Cores, shaders and BIOS oh my!
And you based that on what? Hard to debate in these threads because people just make things up to fit whatever there point is.... Seem like you just made up that last part.
His "last part" just says "that does not mean they won't provide a path to make it work on the GPU later", what's there to make up about it? Do you know for a fact they won't do so? He says they may, or may not. Saying either for sure would be making it up...
 

The_Lump

Banned
Iwata said that WiiU's internal parts use 40w in your average game. Use all USB's and that's 50w in an average game. So the whole 65% efficient 75w PSU (48w) idea simply doesn't add up. Especially when you consider that the average game is never maximum load.

I suppose we'll have to wait until someone like Anandtech tests the power usage. I have no doubt when that happens we'll have to same culprits using that real world data to try to fit the maximum theoretical power draw of certain GPU's and declaring it impossible.

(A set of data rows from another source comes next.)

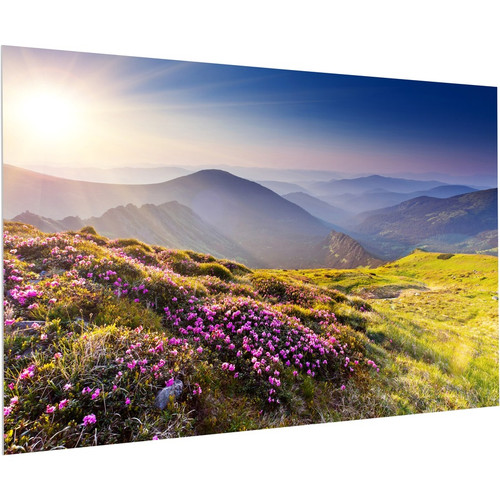 Da-Lite FullVision 208" Projection Screen - 16:10 - HD Progressive 1.1 - 110" Height x 176" Width (Fleet Network)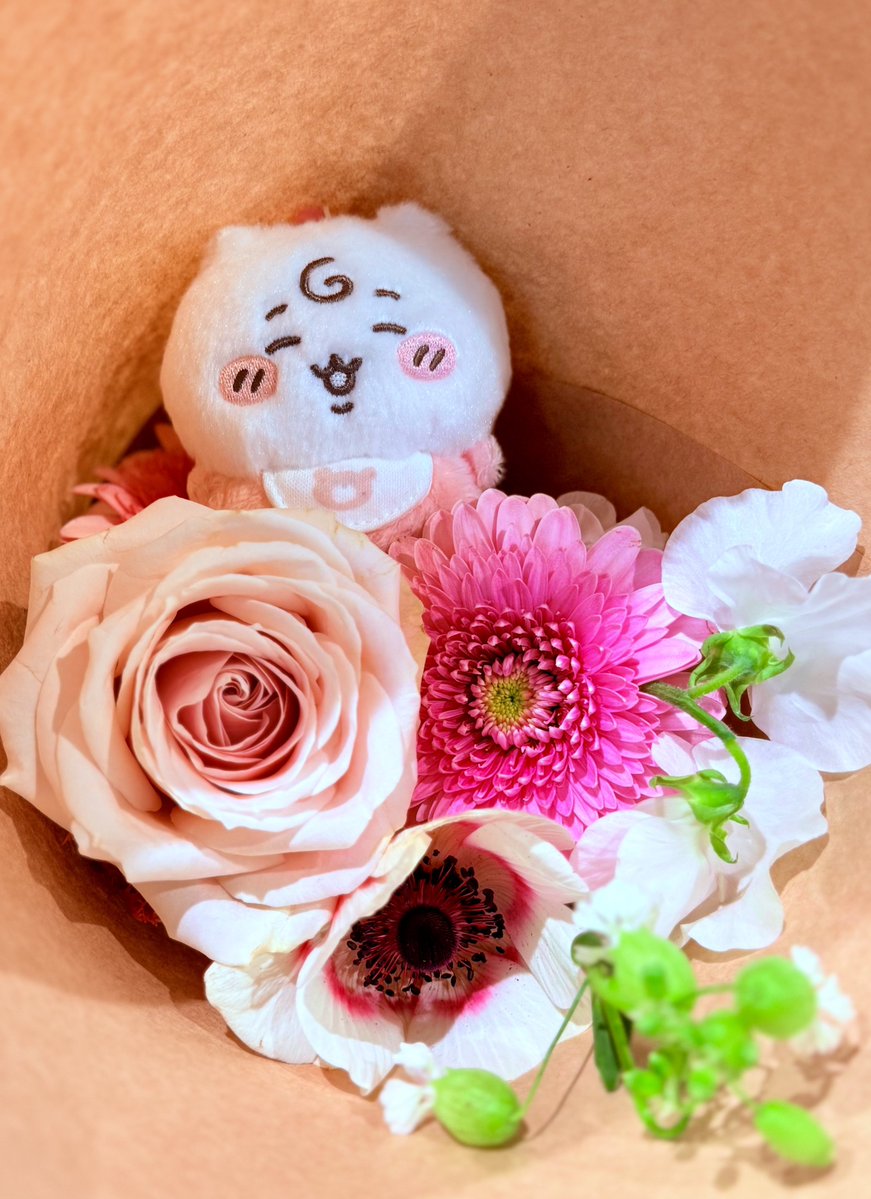 SHO(セクシーいけだ) tweet media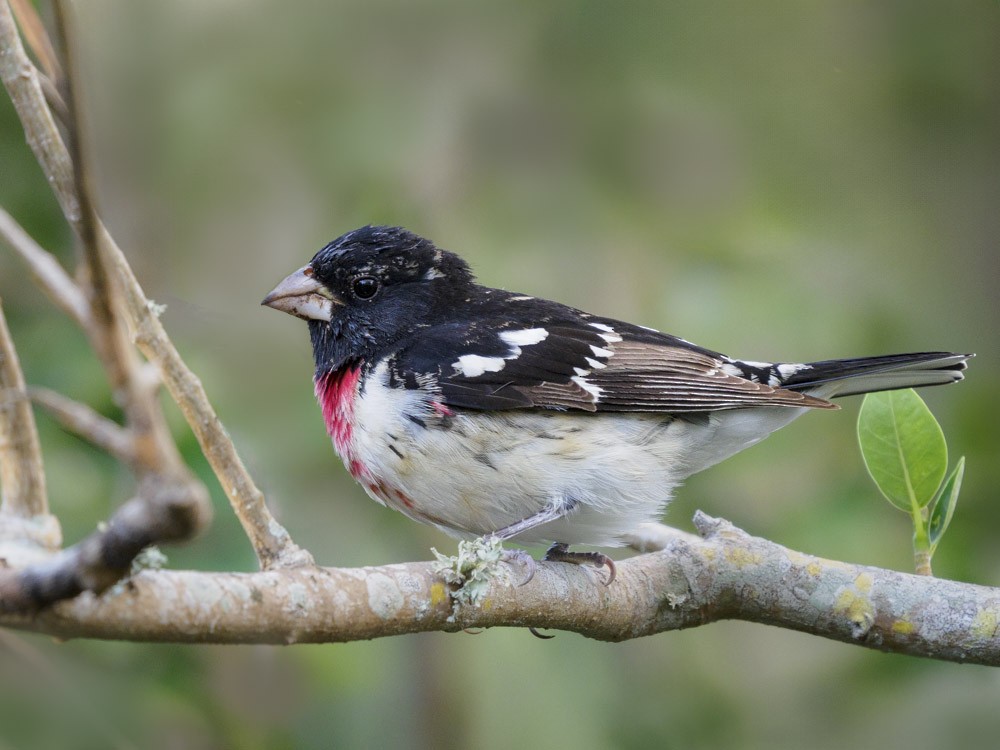 Rose-breasted Grosbeak - ML617551340
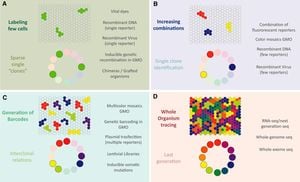 New Insights Into Vertebrate Skeletogenic Cell Development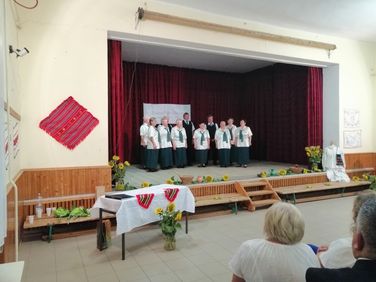 Pávakörök találkozója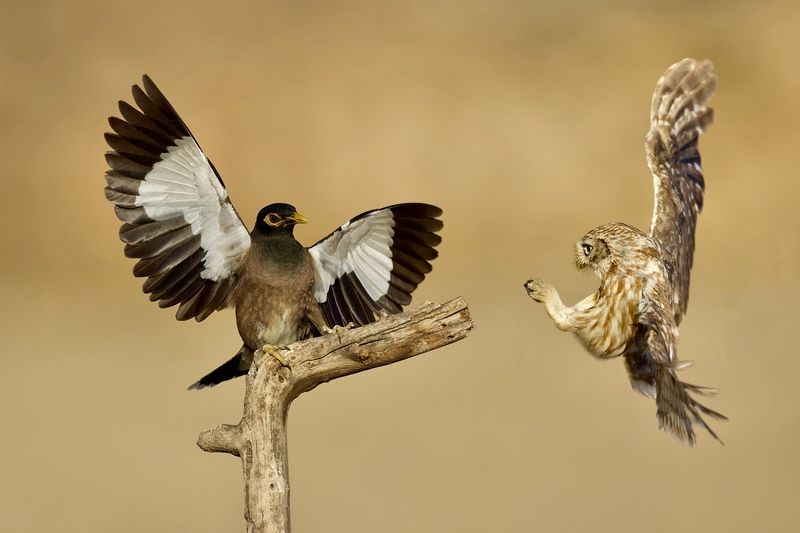 The battle  фото превью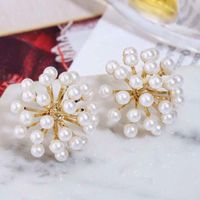 Womens Fashion S925 Alloy Needle Beads Flower Fireworks Stud Earrings Nhwk127228 main image 5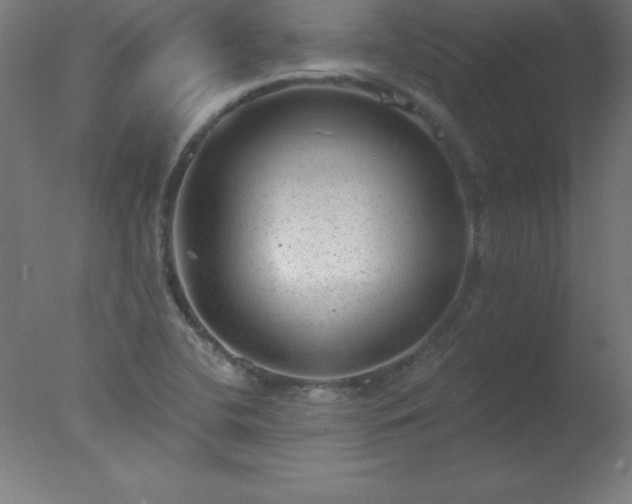 X0000077321412200610271658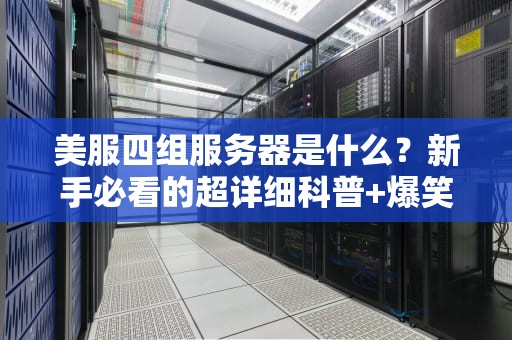 美服四组服务器是什么？新手必看的超详细科普+爆笑测评！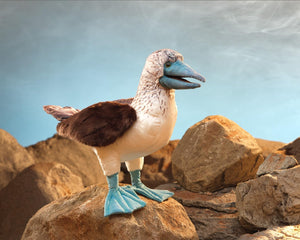 Blue-Footed Booby Folkmanis Puppet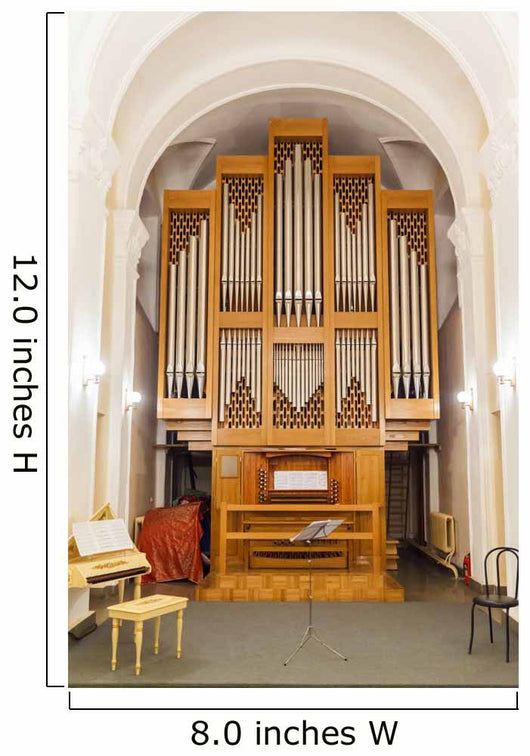 Detail of the organ Wall Mural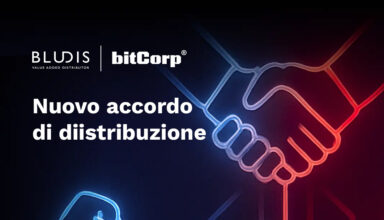 Bitcorp | Bludis
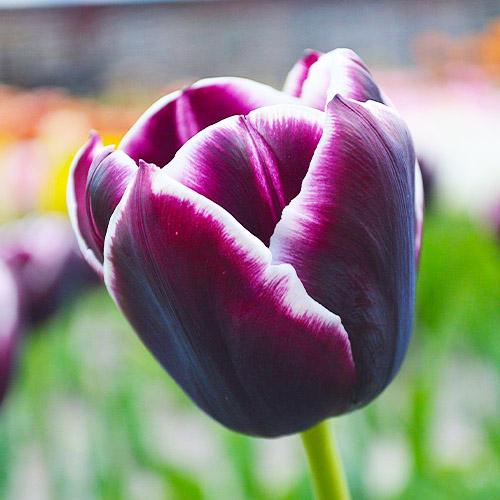 Тюльпан Florium Jackp (9763)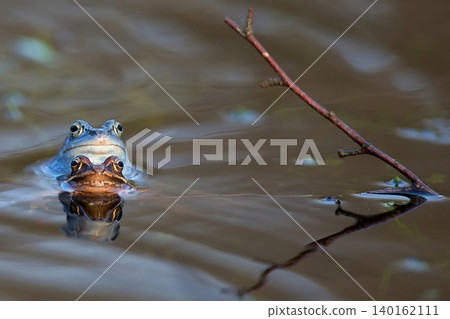 Moor frogs in the water Moor frogs in the water 140162111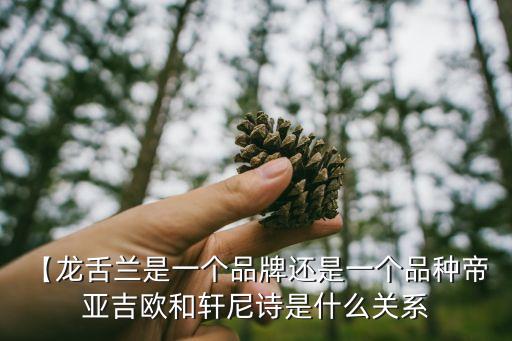 【龍舌蘭是一個品牌還是一個品種帝 亞吉?dú)W和軒尼詩是什么關(guān)系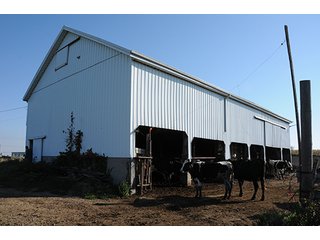 Tract 3 - LAND & REAL ESTATE AUCTION, 450+/- Acres offered in 17 Tracts of Highly Productive, Tillable Crop Land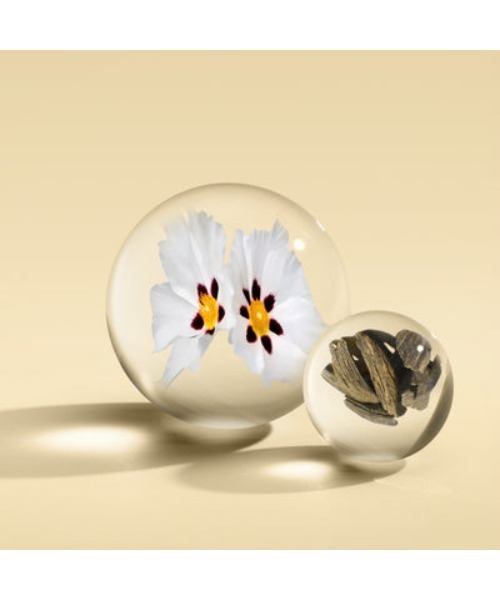 ラブダナムダスク オードパルファン 100ml｜モルトンブラウン MOLTON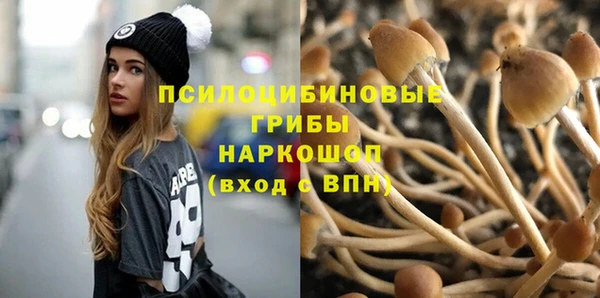 тгк Алексеевка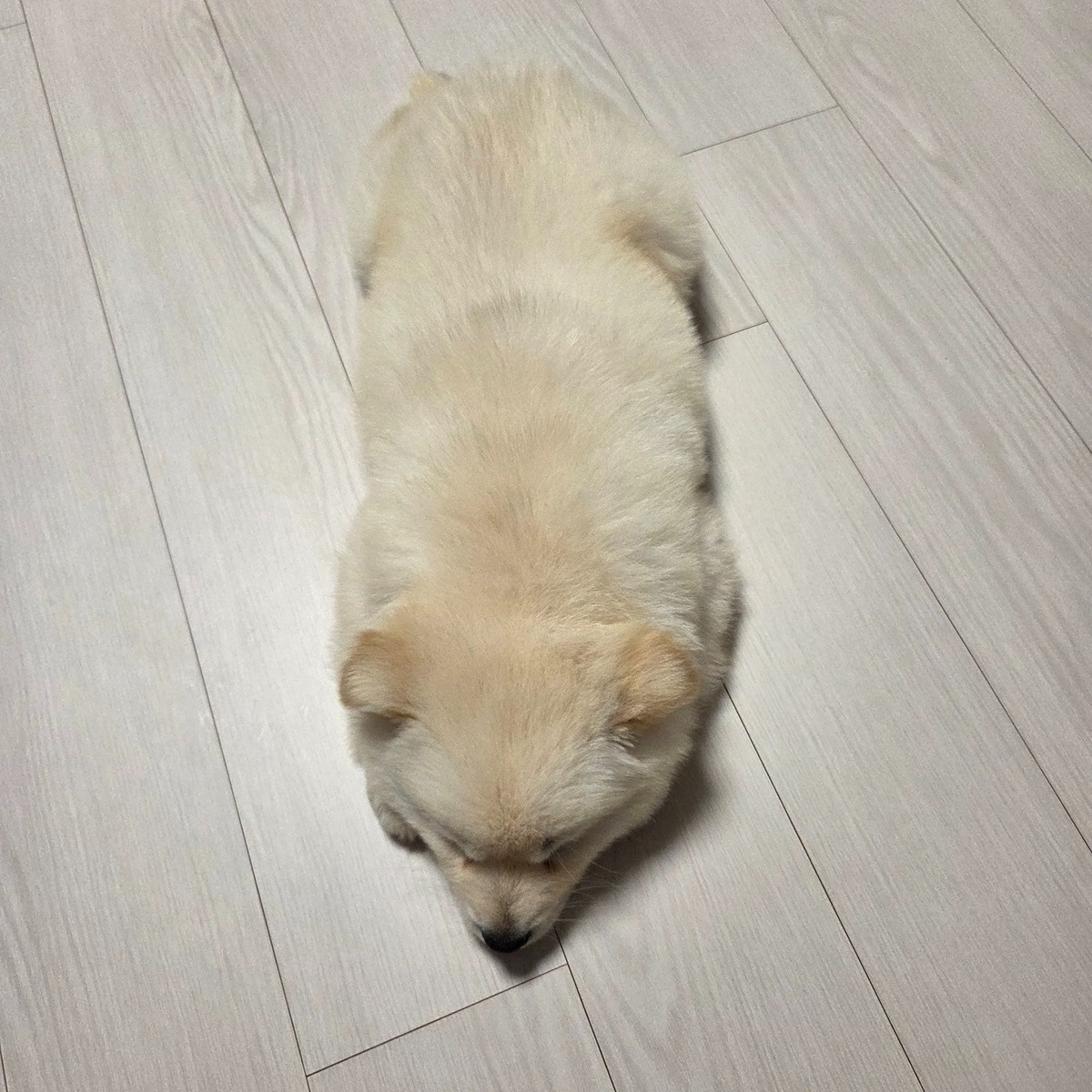 새끼 진도 믹스 | 인스티즈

well that's what my thinking was on the last couple of pages. Someone stopped me in my tracks though saying we already knew ages ago the psu was rated at 75w (ie the psu draws that from he wall, max). But if that were the case, and it was only 60% efficient (very low estimate imo) then that's 45w max of power going into the console. The '40w normal use' figure would mean 24w is being used but the hardware. Sounds fishy to me *scratched head*


From the translation of what Iwata said, it doesn't sound like that at all though...He makes it sound like the WiiU draws that much power max.
 

Donnie

Member
And you based that on what? Hard to debate in these threads because people just make things up to fit whatever there point is.... Seem like you just made up that last part.

What am I basing what on? That a middleware developers priority it to make sure that their software path is in place first? Its just the way it works, if you think that's made up then I really don't know why you're discussing these issues.

As I said, do you also think WiiU's DSP can't process audio well because current WiiU audio middleware has been running on WiiU's CPU instead of the DSP?
 
I don't quite agree with you, Nintendo's priorities may have been given to power efficiency while keeping overall capabilities of the newer GPU similar to the placeholder, as insane as it sounds. But even if they actually spent money and efforts on getting more FLOPS, you still can't pull conclusions since you don't know the form factor of the dev kit above.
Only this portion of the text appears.